I remember a friend of my Dad's as a kid had something like this going on. I said to him once, "You're a big fan of Peter Gabriel, right?" and he said, "I'm actually more like obsessed with Peter Gabriel," and I thought: But aren't you actually more like in your thirties? Isn't this kind of rock-star obsession-thing supposed be left in highschool? You mean it doesn't go away?!

So, I heard recently from a friend about the show Destroyer played on the day America invaded Iraq. They closed with 'Thief': 'You take back the curse but the world just gets worse as you wonder about how someone can become so fat and so proud off the damage they've done - man the damage was fun... a house is a home, hotels made of skin and bone hold us, father figures continue to scold us, avuncular at best in a church of new things, he traded the records for rings, as I sat back and watched what I thought would ensue not ensue... hospitals overflow with sinners embittered and pissed - dead ringers for men whose whereabouts should not be known, or be missed... no failed revolts no plot from the inside could contend with the prospects or trend toward being discovered before our time with upwards of thirty songs all about women and children whose lives will come second to mine... you take back the curse but the girl just gets every rip-off artist to paint a picture of the world at war when the world was not at war/when the world was not at war/when the world was not at war/when the world was not at war.'

What's scary, it turns out - and I realized this only just now, while typing it out - I had this entire song memorized from start to finish! (I got probs).

For those who don't know it, it's a pretty, quiet, accoustic number, but it amps up at the end with the final phrase.
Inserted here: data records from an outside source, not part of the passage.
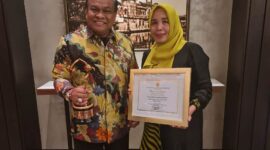 Bupati Bone Andi Fahsar M Padjalangi bersama Kepala DP3A Bone Hj St Rosnawati usai menerima penghargaan Kabupaten Layak Anak Kategori Nindya. (ist)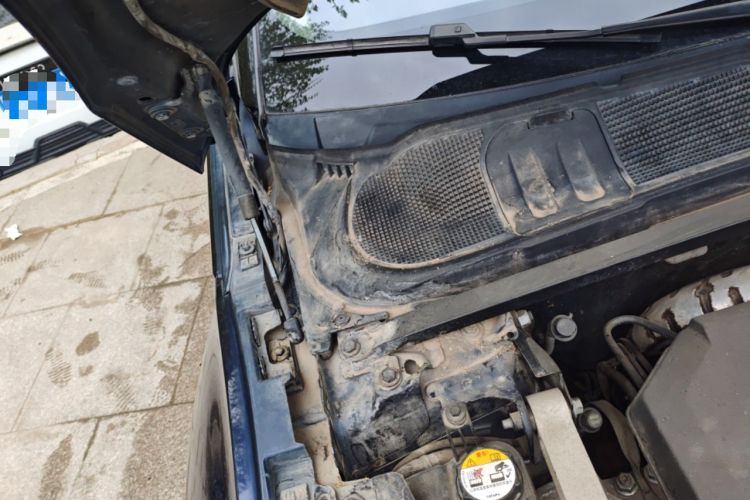 Used Land Rover Range Evoque 2014 2.0T 5-Door Ignite Edition Engine Bay Right
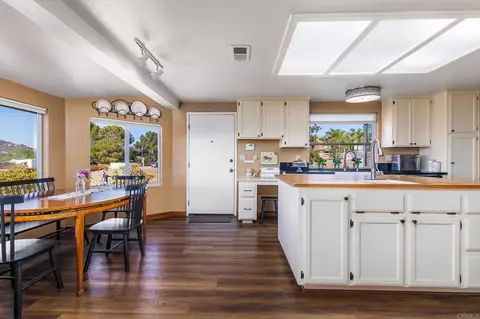 Kitchen - 671 Philton, Ramona, CA 92065 photo 1 of 6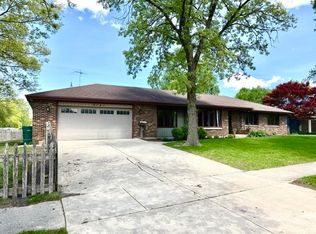 2741 Douglas St, Joliet, IL 60435
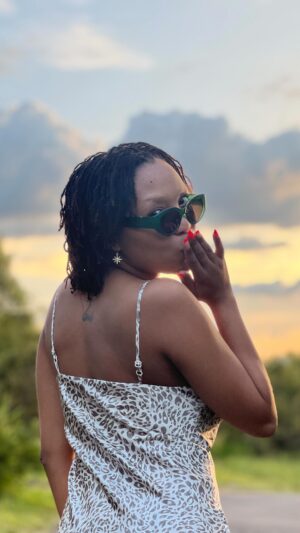 Bonko Khoza Instagram - @lesegokhoza_official Sthandwa Senhliziyo yami. My Love. My Nu. My entire world in human form ❤️ I love you with everything I am. Happy Birthday Nana 🥳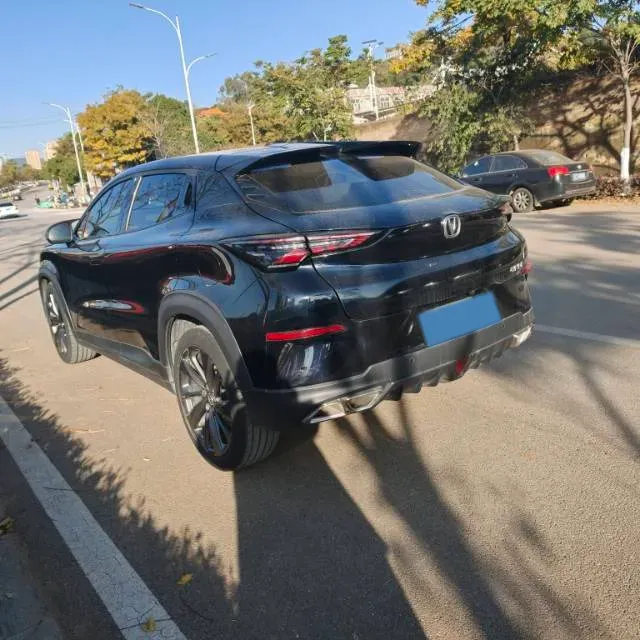 2021 ChangAn UNI-T 1.5T 180HP L4 7DCT,autocango,china used car exporter,china ev exporter,chinese used car exporter,chinese used ev exporter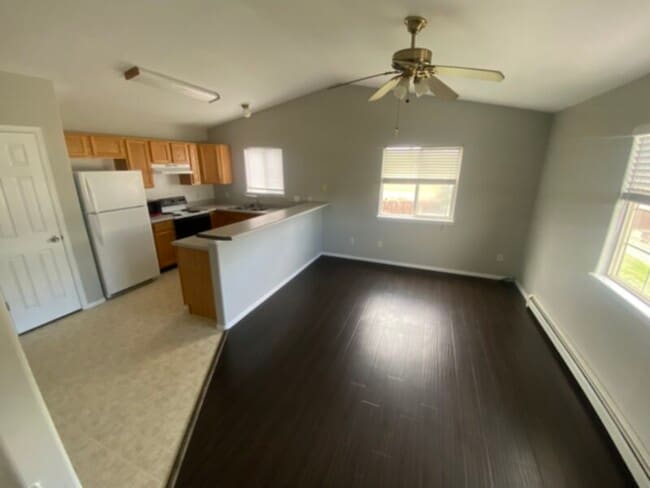 Building Photo - Fruita Living!!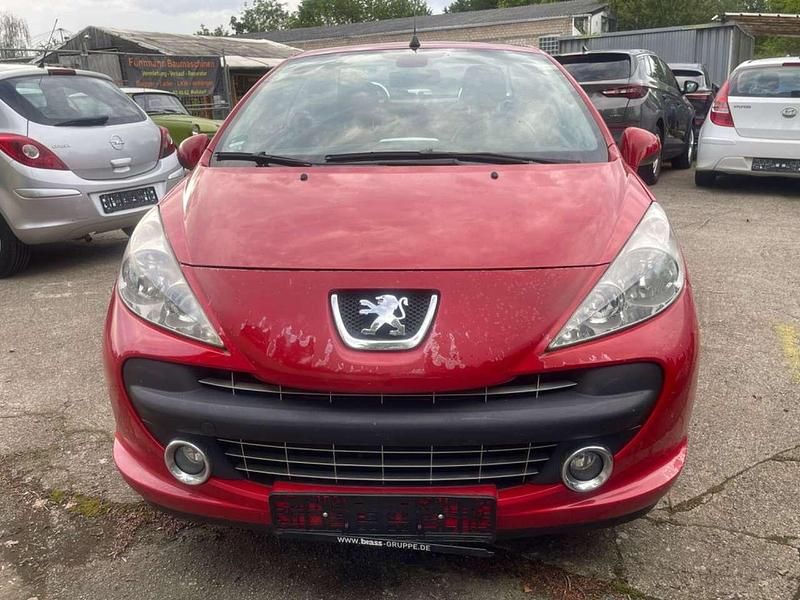 Rot Gebraucht 2007 Peugeot 207 CC Sport Cabrio | 2.990 € (Fairer Preis) - Bild 1/4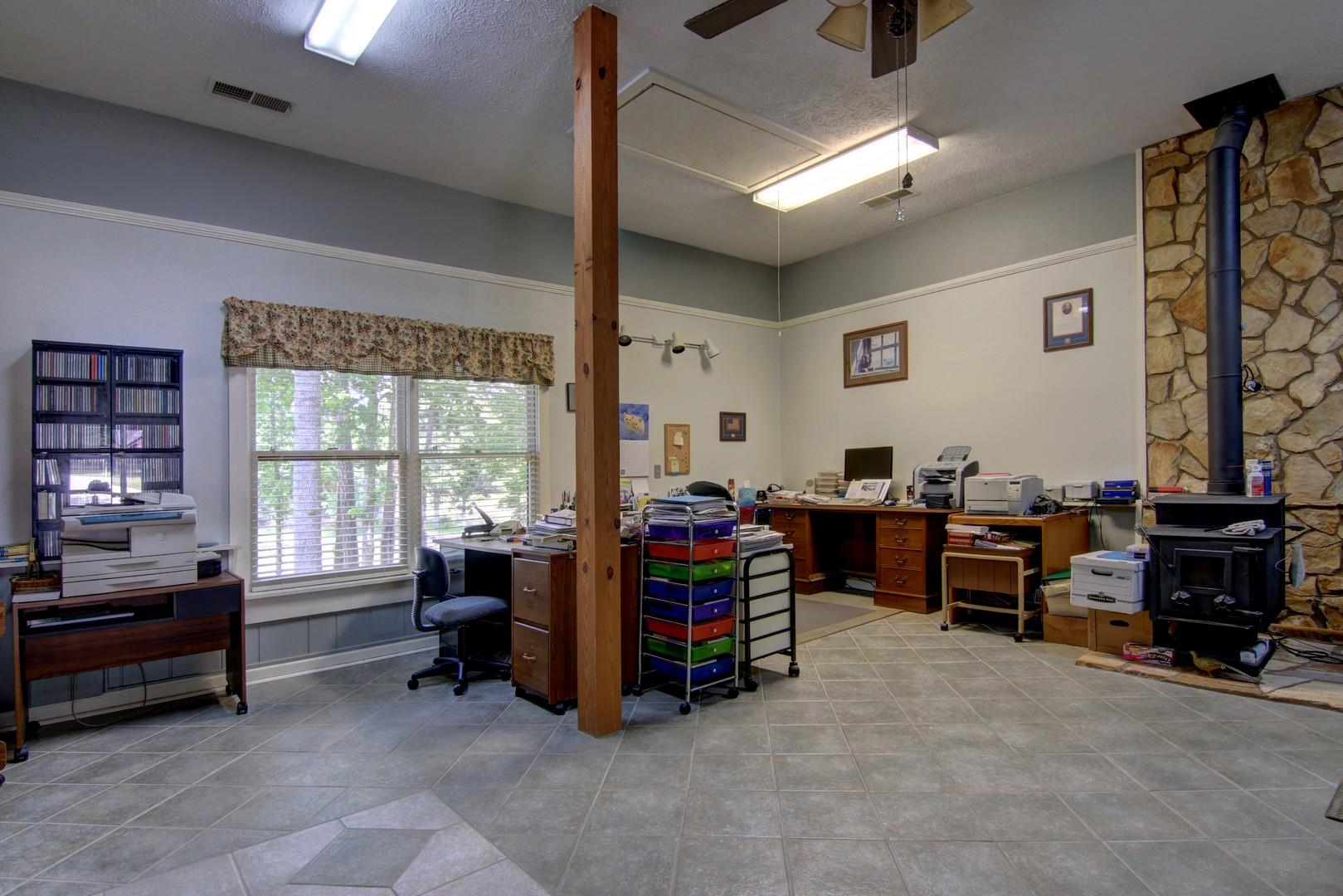 136 Tommys Ln, Jackson, GA 30233 photo 18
A packed house, people went nuts, and were left hollering "Encore" until they realized that was it. "When the world was not at war"-- as closers go, it's tough to top that, circa March 17. I mean, I never want to hear encores anymore, and I generally wait with pseudo-patience for whatever band I'm watching to finish their set from the moment it starts, but if I had been there I'm sure I would have been yelling for an encore too. Shit, if I had been there, all this might even have merited writing about...

Ok, I now promise not to mention Destroyer again until October, or some time in there.

Posted by at 02:20 PM | Comments (9) | TrackBack

April 28, 2003


I'm not sure why, but I think I also love Trista.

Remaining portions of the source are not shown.